En ce temps-là, les pharisiens et quelques scribes, venus de Jérusalem, se réunissent auprès de Jésus, et voient quelques-uns de ses disciples prendre leur repas avec des mains impures, c’est-à-dire non lavées. – Les pharisiens en effet, comme tous les Juifs, se lavent toujours soigneusement les mains avant de manger, par attachement à la tradition des anciens ; et au retour du marché, ils ne mangent pas avant de s’être aspergés d’eau, et ils sont attachés encore par tradition à beaucoup d’autres pratiques : lavage de coupes, de carafes et de plats. Alors les pharisiens et les scribes demandèrent à Jésus : « Pourquoi tes disciples ne suivent-ils pas la tradition des anciens ? Ils prennent leurs repas avec des mains impures. » Jésus leur répondit : « Isaïe a bien prophétisé à votre sujet, hypocrites, ainsi qu’il est écrit : Ce peuple m’honore des lèvres, mais son cœur est loin de moi. C’est en vain qu’ils me rendent un culte ; les doctrines qu’ils enseignent ne sont que des préceptes humains. Vous aussi, vous laissez de côté le commandement de Dieu, pour vous attacher à la tradition des hommes. » Il leur disait encore : « Vous rejetez bel et bien le commandement de Dieu pour établir votre tradition. En effet, Moïse a dit : Honore ton père et ta mère. Et encore : Celui qui maudit son père ou sa mère sera mis à mort. Mais vous, vous dites : Supposons qu’un homme déclare à son père ou à sa mère : “Les ressources qui m’auraient permis de t’aider sont korbane , c’est-à-dire don réservé à Dieu”, alors vous ne l’autorisez plus à faire quoi que ce soit pour son père ou sa mère ; vous annulez ainsi la parole de Dieu par la tradition que vous transmettez. Et vous faites beaucoup de choses du même genre. »

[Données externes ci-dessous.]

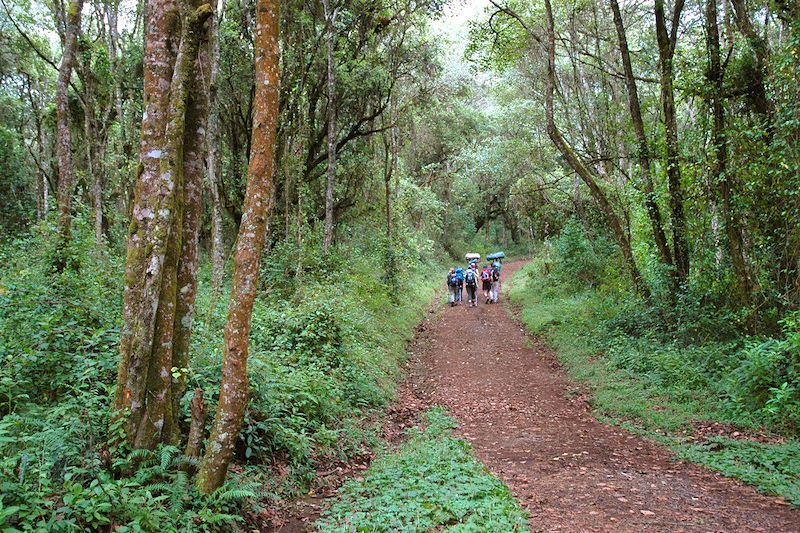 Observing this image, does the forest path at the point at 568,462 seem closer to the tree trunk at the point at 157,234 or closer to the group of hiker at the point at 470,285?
the tree trunk at the point at 157,234

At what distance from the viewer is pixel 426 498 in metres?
5.60

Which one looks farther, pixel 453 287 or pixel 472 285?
pixel 453 287

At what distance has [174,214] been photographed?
5.40 meters

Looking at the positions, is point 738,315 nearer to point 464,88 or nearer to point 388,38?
point 388,38

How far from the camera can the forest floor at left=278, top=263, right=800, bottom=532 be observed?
521cm

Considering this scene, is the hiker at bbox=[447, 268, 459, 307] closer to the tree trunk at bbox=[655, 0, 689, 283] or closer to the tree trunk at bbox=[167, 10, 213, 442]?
the tree trunk at bbox=[655, 0, 689, 283]

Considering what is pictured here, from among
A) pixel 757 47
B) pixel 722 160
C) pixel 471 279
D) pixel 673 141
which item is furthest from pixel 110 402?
pixel 471 279

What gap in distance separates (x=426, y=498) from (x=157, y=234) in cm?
393

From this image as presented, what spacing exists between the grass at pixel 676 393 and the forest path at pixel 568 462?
34 cm

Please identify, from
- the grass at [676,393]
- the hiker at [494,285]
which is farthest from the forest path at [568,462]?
the hiker at [494,285]

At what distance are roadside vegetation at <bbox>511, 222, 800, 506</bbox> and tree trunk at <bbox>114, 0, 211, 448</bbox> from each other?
265 inches

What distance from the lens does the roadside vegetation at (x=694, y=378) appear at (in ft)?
22.8

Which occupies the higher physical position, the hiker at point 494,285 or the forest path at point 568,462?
the hiker at point 494,285

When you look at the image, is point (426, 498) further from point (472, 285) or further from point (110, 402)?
point (472, 285) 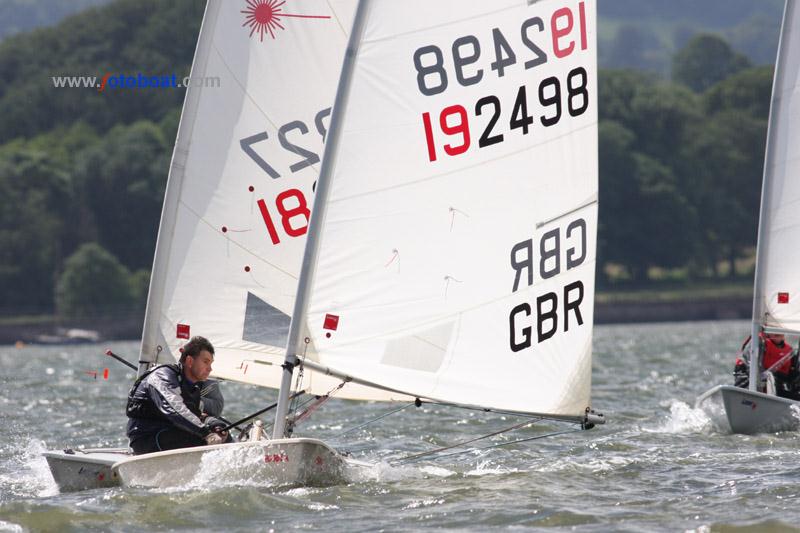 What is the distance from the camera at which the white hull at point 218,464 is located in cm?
967

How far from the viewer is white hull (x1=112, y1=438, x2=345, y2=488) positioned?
31.7 ft

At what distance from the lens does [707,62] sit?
12744cm

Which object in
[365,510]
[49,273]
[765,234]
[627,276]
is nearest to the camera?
[365,510]

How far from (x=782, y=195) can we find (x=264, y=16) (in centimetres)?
641

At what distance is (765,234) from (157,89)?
265 feet

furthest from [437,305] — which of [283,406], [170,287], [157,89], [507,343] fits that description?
[157,89]

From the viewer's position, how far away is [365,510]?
375 inches

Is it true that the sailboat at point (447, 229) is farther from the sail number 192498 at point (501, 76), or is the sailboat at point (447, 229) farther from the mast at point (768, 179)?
the mast at point (768, 179)

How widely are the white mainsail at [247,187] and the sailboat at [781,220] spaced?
17.1 feet

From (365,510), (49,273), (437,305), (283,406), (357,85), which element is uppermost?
(49,273)

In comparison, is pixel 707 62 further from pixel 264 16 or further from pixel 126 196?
pixel 264 16

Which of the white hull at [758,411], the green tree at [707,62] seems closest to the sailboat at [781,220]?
the white hull at [758,411]

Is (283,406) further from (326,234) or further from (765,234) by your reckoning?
(765,234)

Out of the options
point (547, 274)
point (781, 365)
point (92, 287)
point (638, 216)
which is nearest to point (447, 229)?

(…) – Pourquoi tes disciples transgressent-ils les traditions des anciens ? Aujourd’hui, nous les avons observés. Aujourd’hui même, pas plus tard qu’il y a une heure ! Ils sont entrés dans leur salle pour manger sans s’être purifiés les mains auparavant ! »
Si les pharisiens avaient dit : “ et ils ont égorgé des habitants auparavant ”, ils n’auraient pas pris un ton d’aussi profonde horreur.

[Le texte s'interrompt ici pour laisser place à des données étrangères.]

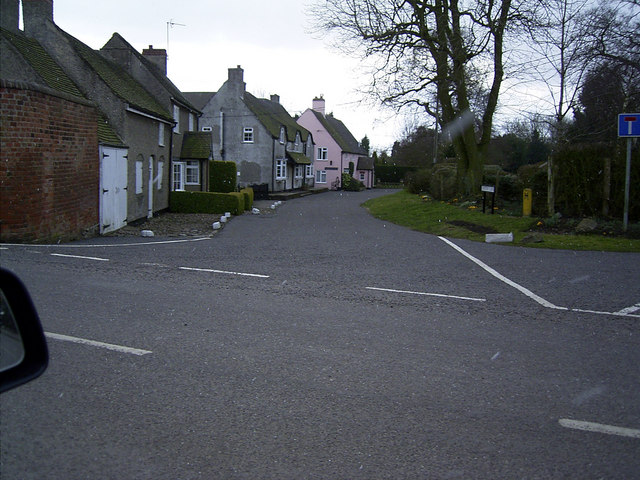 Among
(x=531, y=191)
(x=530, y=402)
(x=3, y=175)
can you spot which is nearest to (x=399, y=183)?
(x=531, y=191)

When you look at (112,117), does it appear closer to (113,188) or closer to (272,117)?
(113,188)

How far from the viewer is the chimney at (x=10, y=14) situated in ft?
63.2

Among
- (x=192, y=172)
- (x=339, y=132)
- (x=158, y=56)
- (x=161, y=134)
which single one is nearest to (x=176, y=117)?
(x=192, y=172)

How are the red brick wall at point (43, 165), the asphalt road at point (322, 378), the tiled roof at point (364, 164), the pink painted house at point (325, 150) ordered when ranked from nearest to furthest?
the asphalt road at point (322, 378) → the red brick wall at point (43, 165) → the pink painted house at point (325, 150) → the tiled roof at point (364, 164)

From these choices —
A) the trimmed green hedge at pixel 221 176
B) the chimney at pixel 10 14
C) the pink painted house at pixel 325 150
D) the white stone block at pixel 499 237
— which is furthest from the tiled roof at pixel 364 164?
the white stone block at pixel 499 237

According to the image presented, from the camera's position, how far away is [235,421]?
4344 millimetres

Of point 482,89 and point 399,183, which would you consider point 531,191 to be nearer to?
point 482,89

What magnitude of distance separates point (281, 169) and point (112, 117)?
30676 mm

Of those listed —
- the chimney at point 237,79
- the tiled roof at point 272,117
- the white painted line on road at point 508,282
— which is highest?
the chimney at point 237,79

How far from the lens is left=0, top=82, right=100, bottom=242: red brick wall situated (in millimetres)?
12648

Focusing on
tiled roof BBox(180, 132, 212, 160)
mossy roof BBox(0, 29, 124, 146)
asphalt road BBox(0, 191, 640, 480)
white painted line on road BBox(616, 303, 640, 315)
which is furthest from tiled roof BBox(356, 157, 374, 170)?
white painted line on road BBox(616, 303, 640, 315)

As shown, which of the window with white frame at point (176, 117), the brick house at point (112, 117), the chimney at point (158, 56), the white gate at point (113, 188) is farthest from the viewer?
the chimney at point (158, 56)

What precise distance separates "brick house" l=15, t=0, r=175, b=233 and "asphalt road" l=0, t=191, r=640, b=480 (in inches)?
323

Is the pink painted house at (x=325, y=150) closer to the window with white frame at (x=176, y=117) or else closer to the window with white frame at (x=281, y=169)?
the window with white frame at (x=281, y=169) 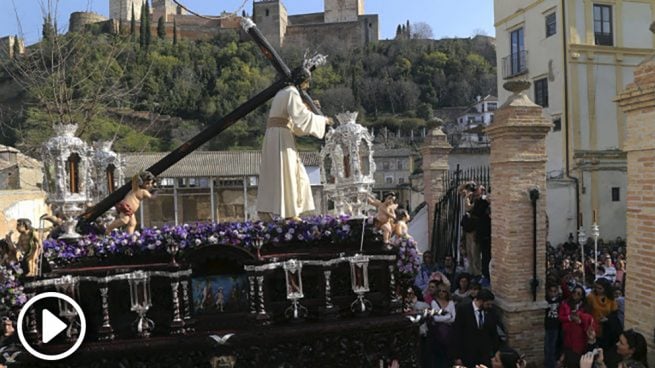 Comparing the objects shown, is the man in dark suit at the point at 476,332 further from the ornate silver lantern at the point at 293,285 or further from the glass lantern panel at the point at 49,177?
the glass lantern panel at the point at 49,177

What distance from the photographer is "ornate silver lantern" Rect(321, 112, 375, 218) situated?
6588mm

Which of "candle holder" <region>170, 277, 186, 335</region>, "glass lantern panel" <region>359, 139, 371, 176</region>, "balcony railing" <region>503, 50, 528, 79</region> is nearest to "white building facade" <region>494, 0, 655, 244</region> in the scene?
"balcony railing" <region>503, 50, 528, 79</region>

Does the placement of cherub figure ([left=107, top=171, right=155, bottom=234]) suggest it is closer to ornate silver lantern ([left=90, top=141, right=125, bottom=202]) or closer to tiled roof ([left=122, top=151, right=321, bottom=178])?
ornate silver lantern ([left=90, top=141, right=125, bottom=202])

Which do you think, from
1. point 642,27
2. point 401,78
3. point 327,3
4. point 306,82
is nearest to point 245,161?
point 642,27

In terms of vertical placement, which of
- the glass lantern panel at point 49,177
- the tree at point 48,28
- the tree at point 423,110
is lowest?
the glass lantern panel at point 49,177

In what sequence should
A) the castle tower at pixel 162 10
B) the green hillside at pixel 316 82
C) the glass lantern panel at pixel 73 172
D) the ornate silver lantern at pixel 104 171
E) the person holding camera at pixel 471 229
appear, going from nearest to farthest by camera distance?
the glass lantern panel at pixel 73 172, the ornate silver lantern at pixel 104 171, the person holding camera at pixel 471 229, the green hillside at pixel 316 82, the castle tower at pixel 162 10

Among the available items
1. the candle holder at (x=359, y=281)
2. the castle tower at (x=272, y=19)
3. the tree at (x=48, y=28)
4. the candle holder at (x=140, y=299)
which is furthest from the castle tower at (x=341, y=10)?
the candle holder at (x=140, y=299)

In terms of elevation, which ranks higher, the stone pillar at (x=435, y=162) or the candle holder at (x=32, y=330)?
the stone pillar at (x=435, y=162)

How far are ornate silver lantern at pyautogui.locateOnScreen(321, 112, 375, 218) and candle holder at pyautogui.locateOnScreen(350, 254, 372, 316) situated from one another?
0.63m

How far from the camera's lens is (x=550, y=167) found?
19.6 meters

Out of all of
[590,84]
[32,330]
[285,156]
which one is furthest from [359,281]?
[590,84]

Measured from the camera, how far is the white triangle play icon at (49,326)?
548 cm

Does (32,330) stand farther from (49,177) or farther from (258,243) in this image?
(258,243) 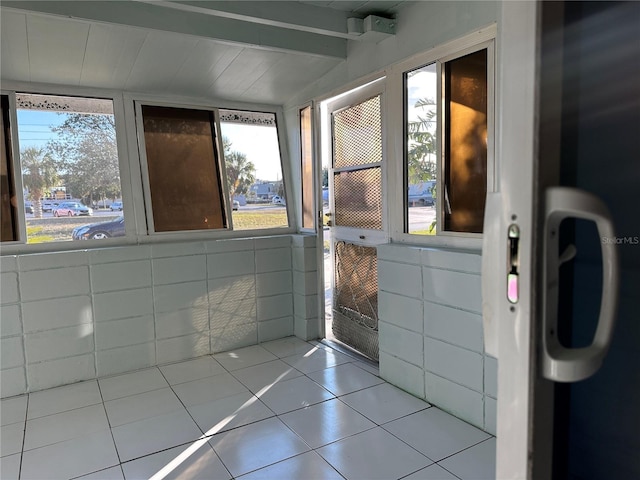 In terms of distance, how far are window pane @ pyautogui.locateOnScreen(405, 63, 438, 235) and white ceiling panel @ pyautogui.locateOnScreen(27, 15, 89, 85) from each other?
75.4 inches

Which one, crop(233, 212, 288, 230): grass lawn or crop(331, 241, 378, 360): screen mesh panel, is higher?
crop(233, 212, 288, 230): grass lawn

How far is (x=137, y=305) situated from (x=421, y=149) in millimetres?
2270

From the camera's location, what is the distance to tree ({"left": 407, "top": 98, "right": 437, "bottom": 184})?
254 centimetres

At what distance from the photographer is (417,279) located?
2.53 metres

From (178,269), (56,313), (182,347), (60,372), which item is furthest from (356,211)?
(60,372)

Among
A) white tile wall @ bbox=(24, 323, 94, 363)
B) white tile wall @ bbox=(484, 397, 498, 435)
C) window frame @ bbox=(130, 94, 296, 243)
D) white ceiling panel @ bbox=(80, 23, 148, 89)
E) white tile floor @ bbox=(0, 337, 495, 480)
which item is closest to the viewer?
white tile floor @ bbox=(0, 337, 495, 480)

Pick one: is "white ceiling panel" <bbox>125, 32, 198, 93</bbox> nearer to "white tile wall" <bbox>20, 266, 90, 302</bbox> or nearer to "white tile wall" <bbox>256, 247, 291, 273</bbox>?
"white tile wall" <bbox>20, 266, 90, 302</bbox>

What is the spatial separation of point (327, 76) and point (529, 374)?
10.0 ft

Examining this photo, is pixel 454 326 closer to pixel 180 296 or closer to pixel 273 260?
pixel 273 260

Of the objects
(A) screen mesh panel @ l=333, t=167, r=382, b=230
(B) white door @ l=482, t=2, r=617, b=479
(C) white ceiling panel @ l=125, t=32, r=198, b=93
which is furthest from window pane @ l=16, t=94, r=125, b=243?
(B) white door @ l=482, t=2, r=617, b=479

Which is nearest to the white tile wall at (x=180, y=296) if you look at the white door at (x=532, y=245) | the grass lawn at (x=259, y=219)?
the grass lawn at (x=259, y=219)

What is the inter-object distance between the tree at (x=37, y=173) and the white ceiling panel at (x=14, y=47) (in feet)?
1.63

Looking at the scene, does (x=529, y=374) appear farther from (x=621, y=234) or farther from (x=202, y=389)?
(x=202, y=389)

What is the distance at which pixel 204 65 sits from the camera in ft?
9.70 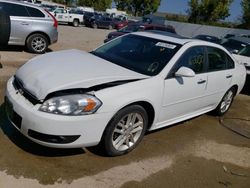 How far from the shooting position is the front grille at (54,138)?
3.57 m

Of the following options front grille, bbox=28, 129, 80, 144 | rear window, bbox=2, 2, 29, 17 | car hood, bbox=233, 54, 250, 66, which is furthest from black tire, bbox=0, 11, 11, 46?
car hood, bbox=233, 54, 250, 66

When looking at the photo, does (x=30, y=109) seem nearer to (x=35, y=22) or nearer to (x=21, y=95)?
(x=21, y=95)

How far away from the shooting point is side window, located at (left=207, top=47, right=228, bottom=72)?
5324mm

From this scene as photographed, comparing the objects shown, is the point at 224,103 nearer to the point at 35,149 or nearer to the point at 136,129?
the point at 136,129

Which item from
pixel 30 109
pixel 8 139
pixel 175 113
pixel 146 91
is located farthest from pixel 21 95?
pixel 175 113

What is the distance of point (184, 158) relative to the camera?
4.48m

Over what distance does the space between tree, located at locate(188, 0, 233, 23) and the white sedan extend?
43.9m

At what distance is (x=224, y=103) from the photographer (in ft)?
20.6

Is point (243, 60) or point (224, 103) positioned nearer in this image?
point (224, 103)

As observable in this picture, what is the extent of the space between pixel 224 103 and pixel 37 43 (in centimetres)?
668

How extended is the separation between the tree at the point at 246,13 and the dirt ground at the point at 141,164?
38996 millimetres

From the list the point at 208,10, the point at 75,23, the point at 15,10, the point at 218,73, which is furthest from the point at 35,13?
the point at 208,10

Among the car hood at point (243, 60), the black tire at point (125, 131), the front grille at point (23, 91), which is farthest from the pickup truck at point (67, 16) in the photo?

« Vous les avez observés, oui. Il y a tant de choses à voir, et qui sont belles et bonnes ! Des choses qui font bénir le Seigneur de nous avoir donné la vie pour que nous ayons la possibilité de les voir et parce qu’il les a créées ou permises. Et pourtant vous ne les regardez pas, et avec vous beaucoup d’autres. Mais vous perdez votre temps et votre paix à poursuivre ce que vous ne jugez pas bon.

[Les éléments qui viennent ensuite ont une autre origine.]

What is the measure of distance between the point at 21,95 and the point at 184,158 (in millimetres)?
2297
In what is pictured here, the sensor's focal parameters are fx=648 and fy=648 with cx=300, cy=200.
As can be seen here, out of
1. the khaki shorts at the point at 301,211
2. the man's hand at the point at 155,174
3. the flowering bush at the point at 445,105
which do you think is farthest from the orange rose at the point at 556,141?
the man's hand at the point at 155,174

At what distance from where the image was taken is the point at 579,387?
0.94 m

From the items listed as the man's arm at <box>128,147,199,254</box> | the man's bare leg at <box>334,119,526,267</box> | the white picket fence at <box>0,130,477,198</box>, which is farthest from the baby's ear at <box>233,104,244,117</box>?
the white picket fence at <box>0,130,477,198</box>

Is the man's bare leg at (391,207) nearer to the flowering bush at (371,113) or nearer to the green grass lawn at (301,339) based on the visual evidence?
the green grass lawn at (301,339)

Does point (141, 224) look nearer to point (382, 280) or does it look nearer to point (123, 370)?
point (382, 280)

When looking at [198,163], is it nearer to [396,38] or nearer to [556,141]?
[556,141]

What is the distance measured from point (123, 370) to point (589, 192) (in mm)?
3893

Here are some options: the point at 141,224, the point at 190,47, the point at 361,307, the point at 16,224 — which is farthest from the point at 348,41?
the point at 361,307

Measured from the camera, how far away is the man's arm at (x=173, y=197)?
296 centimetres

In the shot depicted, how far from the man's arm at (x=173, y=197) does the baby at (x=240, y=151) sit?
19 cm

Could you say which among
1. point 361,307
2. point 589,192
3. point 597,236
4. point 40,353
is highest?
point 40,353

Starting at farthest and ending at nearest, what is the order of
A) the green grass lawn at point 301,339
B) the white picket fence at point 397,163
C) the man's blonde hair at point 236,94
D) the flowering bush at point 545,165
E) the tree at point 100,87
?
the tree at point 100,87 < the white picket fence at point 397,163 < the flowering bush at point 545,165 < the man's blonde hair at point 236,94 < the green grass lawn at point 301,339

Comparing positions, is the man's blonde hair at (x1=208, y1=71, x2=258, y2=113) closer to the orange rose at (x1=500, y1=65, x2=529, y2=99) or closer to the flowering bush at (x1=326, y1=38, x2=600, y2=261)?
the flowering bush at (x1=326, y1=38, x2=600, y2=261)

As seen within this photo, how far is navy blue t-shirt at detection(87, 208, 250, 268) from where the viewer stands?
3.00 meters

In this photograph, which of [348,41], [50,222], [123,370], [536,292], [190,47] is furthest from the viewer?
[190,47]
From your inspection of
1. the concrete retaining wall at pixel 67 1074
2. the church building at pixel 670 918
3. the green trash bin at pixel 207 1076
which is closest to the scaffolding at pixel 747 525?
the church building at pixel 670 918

Vous ressemblez à des chacals, ou plutôt à des hyènes qui suivent à la trace une pestilence en négligeant les senteurs que le vent apporte des jardins parfumés. Les hyènes n’aiment pas les lys et les roses, le jasmin et le camphre, les cinnamomes et les œillets. Pour elles, ce sont des odeurs désagréables. Mais la puanteur d’un corps en putréfaction au fond d’un ravin, ou dans une ornière, enfoui sous les ronces où l’a enseveli un assassin, ou rejeté par la tempête sur une plage déserte, gonflé, violet, crevé, horrible, oh ! Quel fumet agréable pour les hyènes ! Et elles hument le vent du soir, qui condense et transporte toutes les émanations que le soleil a évaporées après les avoir chauffées, pour sentir cette vague odeur qui les attire. Après les avoir découvertes et en avoir trouvé la direction, les voilà qui partent en courant, le museau à l’air, les lèvres déjà retroussées dans ce frémissement des mâchoires semblable à un rire hystérique, pour aller là où se trouve la putréfaction. Et que ce soit un cadavre d’homme ou de quadrupède, celui d’une couleuvre tuée par un paysan, ou encore d’une fouine par une ménagère, que ce soit simplement un rat crevé, ah ! Voilà qui plaît ! Elles enfoncent alors leurs crocs dans cette puanteur repoussante, se régalent et se pourlèchent les babines…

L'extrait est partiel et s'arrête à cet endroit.